Now, I often save links to documents that are not HTML, like PDF documents and images. Obviously, these documents can't contain any link references, as they are not HTML, so we must skip auto-discovery for any content types that are not text/html. This should likely not be limited to just text/html, however, as other valid types like text/xhtml or even text/xml might contain useful information. We can worry about this in the final application -- this script is just for discovery, so it's OK to drop the ball here. Link tags, if they are available in the target document, come in the header field link. Here is our link extraction code:
# Don't autodiscover for non-html links (e.g. pdf, images) if ($ctype eq 'text/html') { my $links = ref($headers->{link}) eq 'ARRAY' ? $headers->{link} : [ $headers->{link} ]; foreach my $link (@$links) { my ($href, $type) = $link =~ /<(.+?)>;.+; type="(.+?)"$/; next unless $href and $type; if ($ALT_TYPES{$type}) { my $nuri; if ($href =~ m#\w+://#) { $nuri = new URI($href); } else { $nuri = new URI($uri); $nuri->path( $href ); } # Check that the feed actually exists... $rsp = $ua->head( $nuri ); $map->{$type} = $nuri if $rsp->is_success; } } } return $map;
The first couple of lines should be familiar.
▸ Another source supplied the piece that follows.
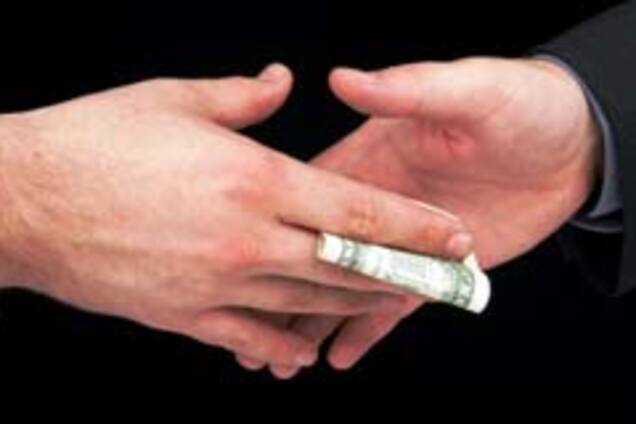 Главу правительства подозревают в крупных взятках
The link field works the same as the content field, expressed as a scalar value if there is only one link, or an ARRAY reference if there are more than one. Again, we force the scalar into an array reference. Next, we iterate through each of the links in the document. For each link entry, we extract the href attribute value and the MIME type. If we can't find both, then this is not a proper link entry, so we skip on to the next item. If we do properly extract both fields, we can then check the type against our predefined map of content types. If the content type is in the alternate type map, we construct a new URI value for the type, and check that it exists. Note that we first check to see if the link specified an absolute URL (e.g. one with a scheme). If it did not, the link is considered relative to the original site, so we just replace the path segment in the original URI. To be pedantic, the next step is to check that the listed feed actually responds. If it does, the type and source URI are inserted into the map, and returned to the caller.
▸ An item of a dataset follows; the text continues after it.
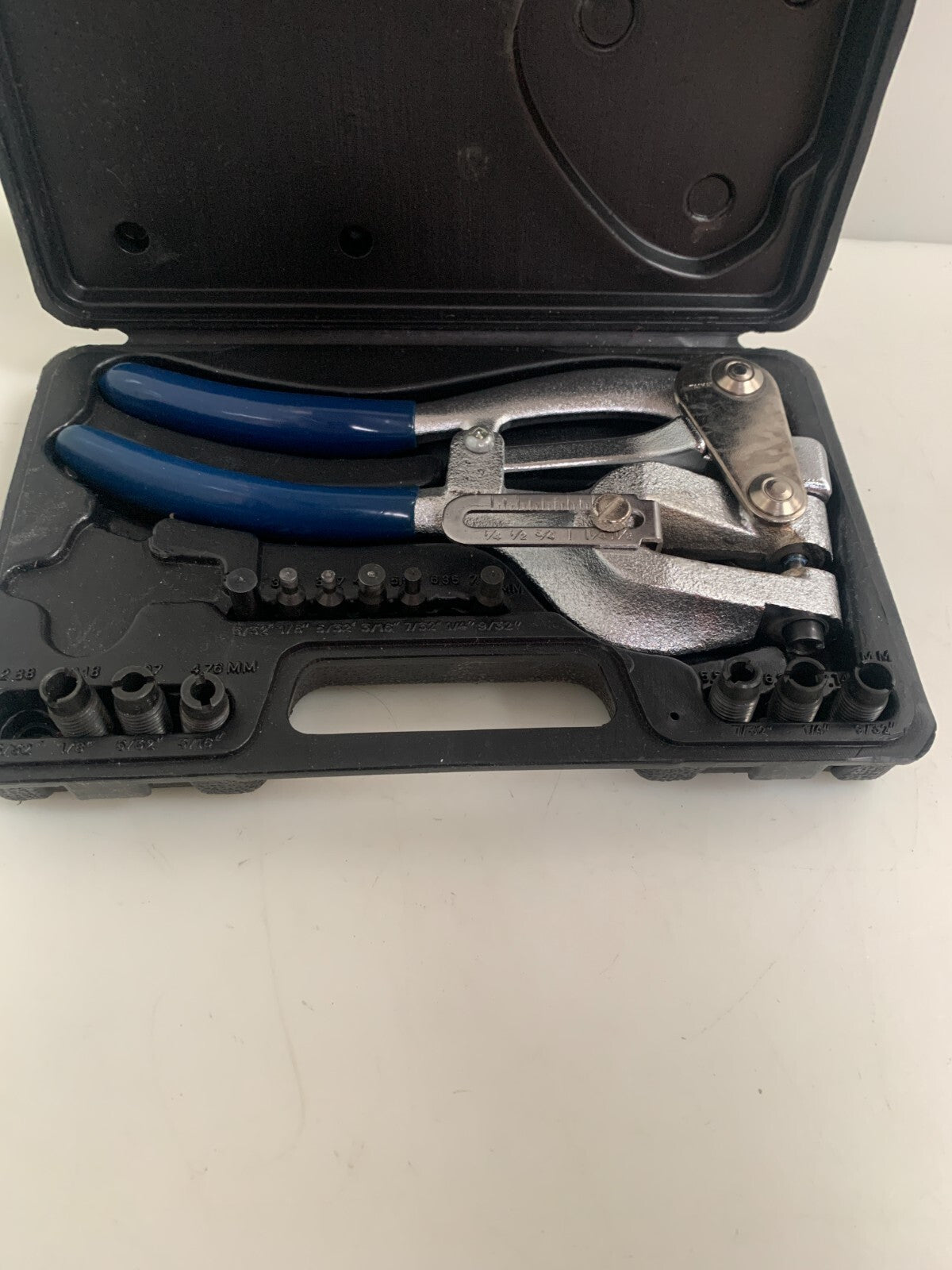 Handheld Hole Punch Kit in Case (missing parts, see photos)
When I point my autodiscover function at this blog, I get the following structure back (printed out here with Data::Dumper):
bash$ ./link.pl
$VAR1 = {
'default' => 'text/html',
'application/rss+xml' => bless( do{\(my $o = 'http://blogs.sun.com/roller/rss/comand')}, 'URI::http' ),
'text/html' => bless( do{\(my $o = 'http://blogs.sun.com/comand')}, 'URI::http' )
};
This is what I was expecting -- a default type of text/html, because the main page existed, and an alternate type of application/rss+xml which points to the RSS feed for my site. If the main page did not exist, I'd get back an empty structure, and I'd know to skip the site entirely. This might not be the desired sequence of events, however. It might be desirable to attempt auto-discovery even in the case of a broken main link. We'll see how things turn out when I integrate this function back into the main bookmark publisher script.